Cases and commentary that reference a license but which do not involve an agreement are completely beside the point. As a practical matter, people (including courts) often conflate a mere license and a license embedded in an agreement because (in context) it is clear what is under discussion. However, citation to caselaw or commentary that discusses the revocability of a mere license does not say anything at all about a license embedded in an agreement.

As noted in my prior post, the OGL has all the hallmarks of an agreement, i.e. an offer, a specified method of acceptance and a description of consideration. (Legal capacity of parties and illegality are not at issue).

Accordingly, a proponent of the view that WOTC may unilaterally revoke the OGL must take one of two positions:
1. Either the OGL does not constitute an agreement between WOTC and the user; or
2. The agreement constituting the OGL permits WOTC to unilaterally revoke the license.*

[* For the sake of completeness, this would include the position that the OGL agreement is revocable because the license failed to use "magic words" such as the word "irrevocable." Sometimes, legal agreements do require certain precise words for their meaning, such as in the creation of a power of attorney or the conveyance of land in certain states. Although I am willing to be convinced otherwise, a brief review of two copyright treatises (Epstein on Intellectual Property and Goldstein on Copyright), I believe that there no such magic words needed to license intellectual property. Instead, the scope and revocability of a license to use copyrighted materials is subject to ordinary principles of contractual interpretation.]

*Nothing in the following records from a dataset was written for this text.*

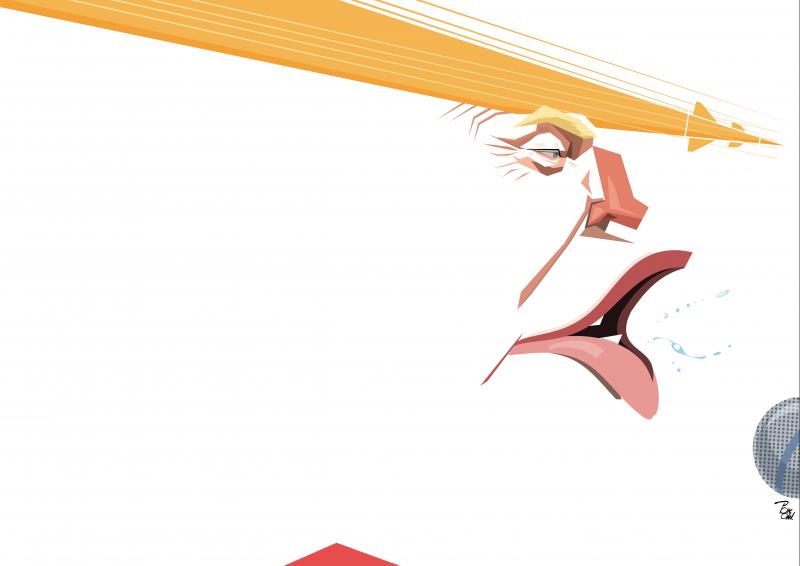Conceptual profile caricature of Donald Trump where his hair transforms into a launching missile, featuring minimalist geometric shapes and sharp editorial lines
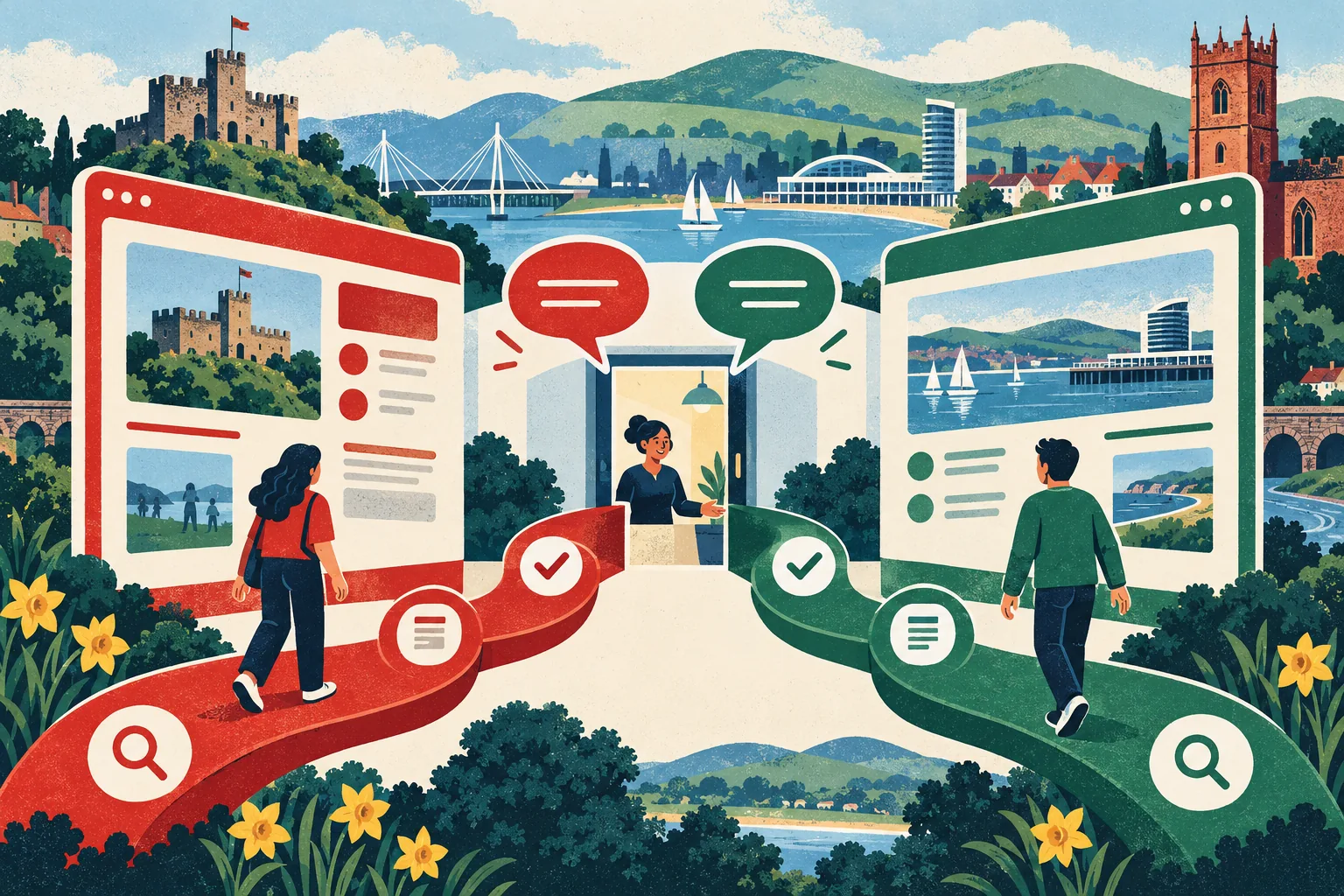 Keep the whole journey bilingual: Cardiff, Swansea and Wrexham websites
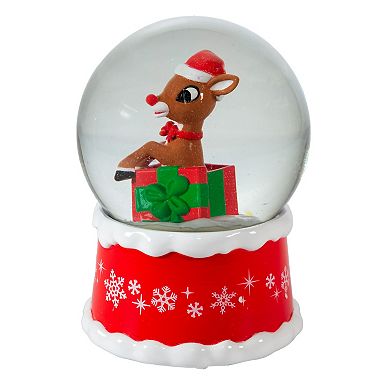 Rudolph In Present Christmas Water Globe Table Decor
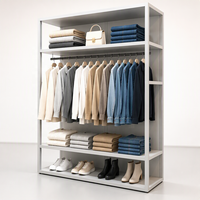 Vitrine de présentation de vêtements sur pied sur mesure pour le commerce de détail, rangement de vêtements, aménagement de magasin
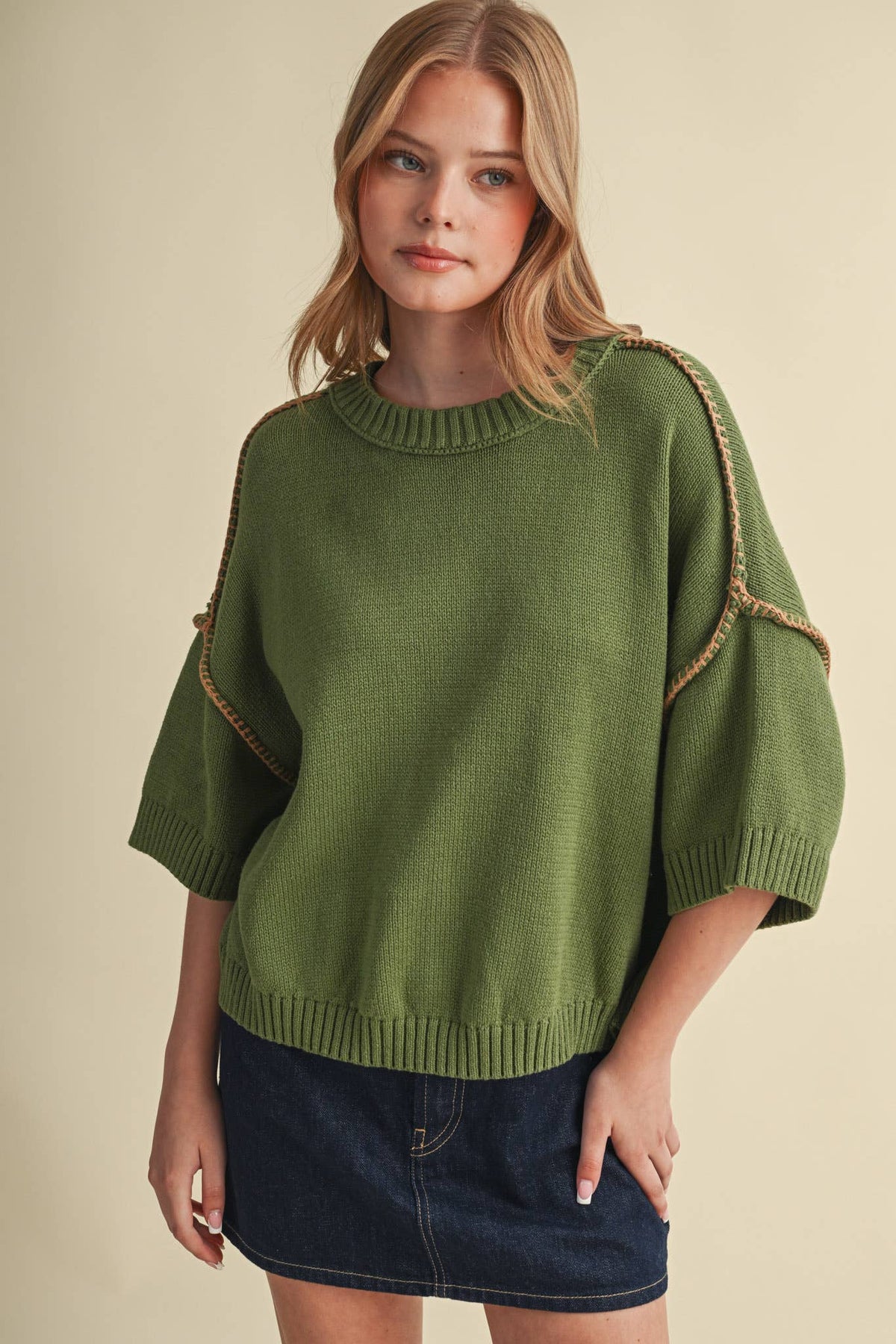 SHORT SLV SWEATER W CONTRAST BLANKET STITCH MSW11471: OLIVE TAUPE / S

For what it is worth, the law, including law relating to contracts and copyright is almost infinitely complex and nuanced. There are exceptions to everything, including things I've said above. If you want to know all the complexity and nuance, don't look in a forum post.

The fact that I don't know what exceptions, complexity and nuance are applicable to your specific situation is one reason (among many) that this is not legal advice. So, I'll say what you hear so many lawyers say. This is not legal advice. I am not your lawyer. You can rely on my legal advice only when we have discussed your specific situation and you have entered into an engagement letter with me or my law firm, and have agreed to pay me or my law firm for the provision of legal advice.

Cheerio
 

Vaalingrade

Legend
I hope this becomes irrelevant because WotC elects not to go this route, but I'd be interested in further discussion, using Amazon as an example instead of YouTube. They take down allegedly copyright- and trademark-infringing products all the time.

Here's a link to the Amazon IP Policy:

Here's a link to an article about the takedown process.
They also copy and undercut people's products under their brand all the time too, so it's very relevant to OGL 1.1.
 

I don't have time to refute this point-by-point (given that I have actual work to do for clients)
do you have ANY idea how many billable work hours many of us spend talking about this silly make believe game... come on you don't need to work...

This may also be why I am not better at and better paid at my job!!!


Edit: my tone doesn't always come through, that was sarcasm and my way of saying thanks for what you did do and say.